Не отступает от принятых тогда трафаретов и жена английского посланника леди Рондо, часто видевшая Анну на официальных приемах и куртагах: полнота, смуглолицесть, царственность и легкость в движениях. И далее: «Когда она говорит, на губах появляется невыразимо милая улыбка. Она много разговаривает со всеми, и обращение ее так приветливо, что кажется, будто говоришь с равным; в то же время она ни на минуту не утрачивает достоинства государыни. Она, по-видимому, очень человеколюбива, и будь она частным лицом, то, я думаю, ее бы называли очень приятной женщиной»5.

Нет, не повезло нам с проницательными наблюдателями!

Догадливый читатель уже понял, что автор не особенно жалует императрицу, и дело тут не в личных симпатиях — антипатиях: как ни абстрагируешься от стереотипов негативной к нашей героине историографии, сколько ни пытаешься взглянуть с новой точки зрения на Анну Ивановну (или, как ее часто называют на архаизированный манер, Анну Иоанновну), ничто не помогает. Сильнее стремления к переоценке традиций воздействие самого исторического материала, мощнейшая инерция документов. И все же попытаемся повнимательнее присмотреться к этой, прожившей не очень длинную — 47-летнюю — жизнь, женщине, чтобы понять, как сформировались ее характер, нрав, привычки и привязанности.

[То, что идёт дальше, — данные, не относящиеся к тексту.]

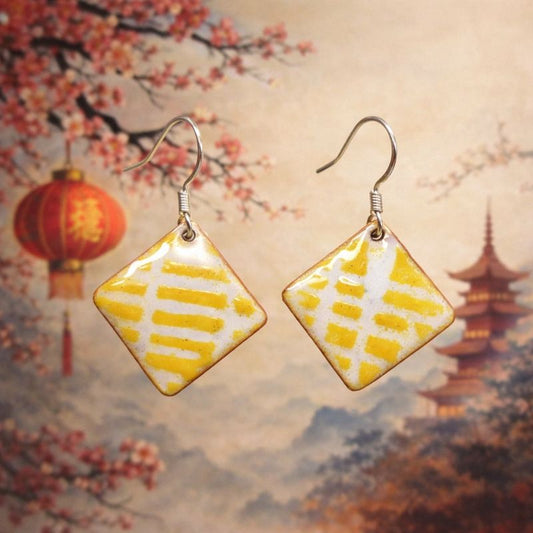 Emaille Ohrringe "Komorebi-Licht" aus der Kollektion Fernöstliche Seide & Feuer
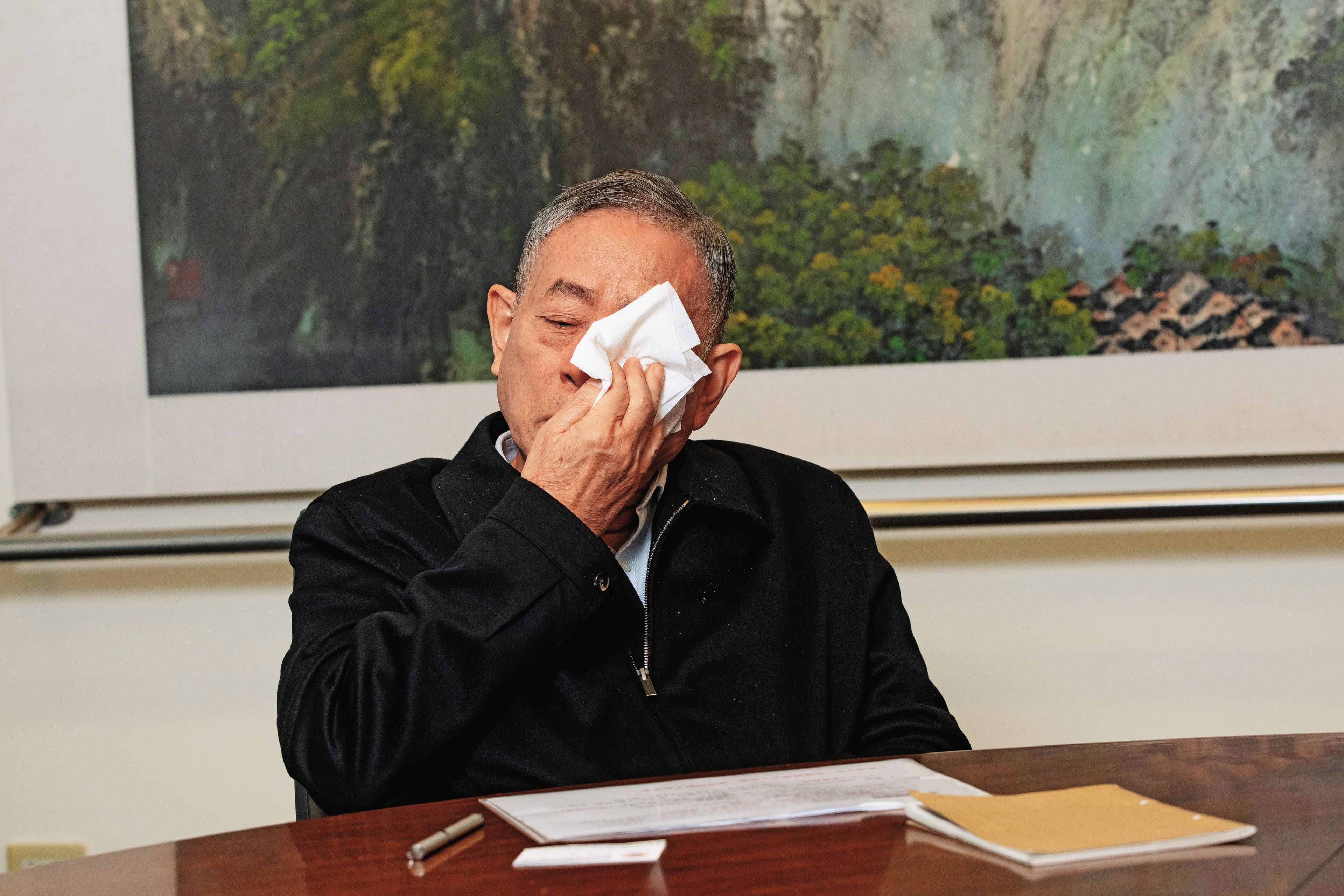 王俊博談起員工擔憂受經營權之爭影響,忍不住數度哽咽落淚。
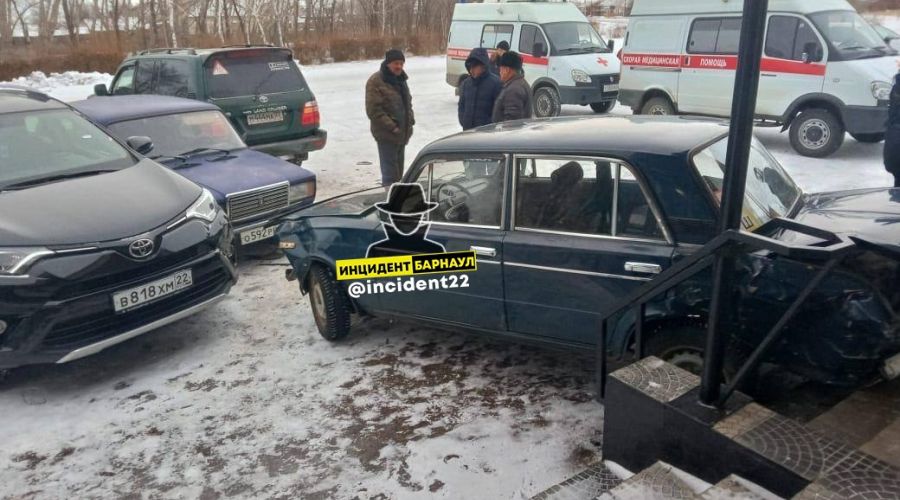 Авто получили серьезные повреждения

Анна Ивановна, родившаяся 28 января 1693 года, была одной из последних московских царевен (точнее — предпоследней, последней можно считать ее младшую сестру Прасковью, которая родилась 24 сентября 1694 года). Как и другие царские дети, Анна появилась на свет в Крестовой палате Московского Кремля, которая ко времени родов царицы специально убиралась с особым великолепием. В обычное время Крестовая использовалась как молельня, но на время родов туда переносили царскую кровать с постелью, и первое, что мог увидеть, хотя и не осознав, ребенок, — это дивный свет красок, цветное буйство настенных росписей, блеск золота и серебра иконных окладов, разноцветие уборов боярынь и мамок. Не уступали в красочности постели и стены дворцовых комнат, которые были затянуты сверху донизу сукнами зеленого, голубого и различных оттенков красного цвета (багрец, червленые, червчатые), причем цвета могли чередоваться в шахматном порядке. Нередко стены и потолок обивались атласом, златоткаными обоями ч редкостной красоты тисйеной золоченой кожей с изображениями фантастических птиц, животных, трав, деревьев. Из описания дворца мы точно знаем, что именно такими кожами были обиты в 1694 году стены комнаты царевны Анны Ивановны.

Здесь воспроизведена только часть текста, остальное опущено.